Sobre nosotros recae la ardua responsabilidad de hacer de ese nuevo ser una persona por lo menos crítica y capaz de tomar sus propias decisiones, un ser empático que convive con el diferente, una persona justa, curiosa, honesta, feliz. Padres y madres somos responsables entonces de criar una generación, en un entorno completamente desconocido para nosotros.

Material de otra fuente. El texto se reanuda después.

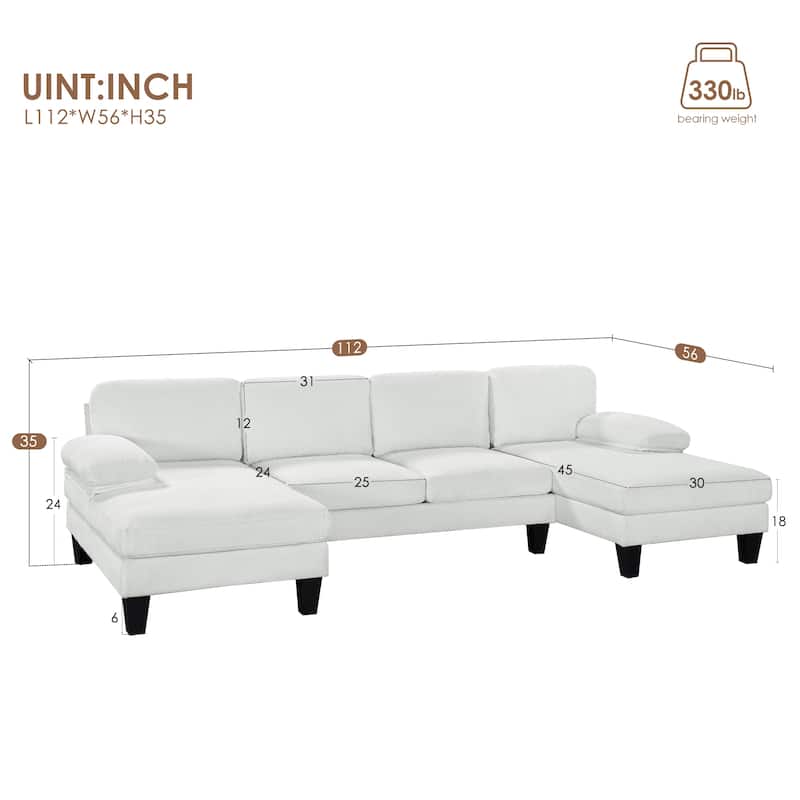 MERAX 6-Seat U-Shaped Sofa with Double Chaise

Atravesamos los primeros años de vida con una sobre exposición a nueva información y escogiendo todo el tiempo entre lo tradicional y lo moderno. Si damos sopa o BLW, si los estimulamos o dejamos que su desarrollo sea natural, si los vacunamos o no, si criamos con premios y castigos o a partir de límites respetuosos, si los exponemos o no al reguetón y juguetes bélicos, si tienen tiempo en pantalla controlado o a libre demanda.
Los metemos en nuestra propia burbuja esperando que crezcan con la consciencia propia de todas esas decisiones que tomamos, intentamos formar su carácter para que afronten solos el mundo.
Padres, madres y cuidadores improvisamos todo el tiempo. Por mas que leamos y estudiemos, por mas que visitemos psicólogos, coach y terapeutas, improvisamos en este nuestro propio experimento.
Los antes niños llegan cada vez más temprano a la temida adolescencia y aquella burbuja, ese pequeño mundo que nos esmeramos construyendo para ellos, desaparece.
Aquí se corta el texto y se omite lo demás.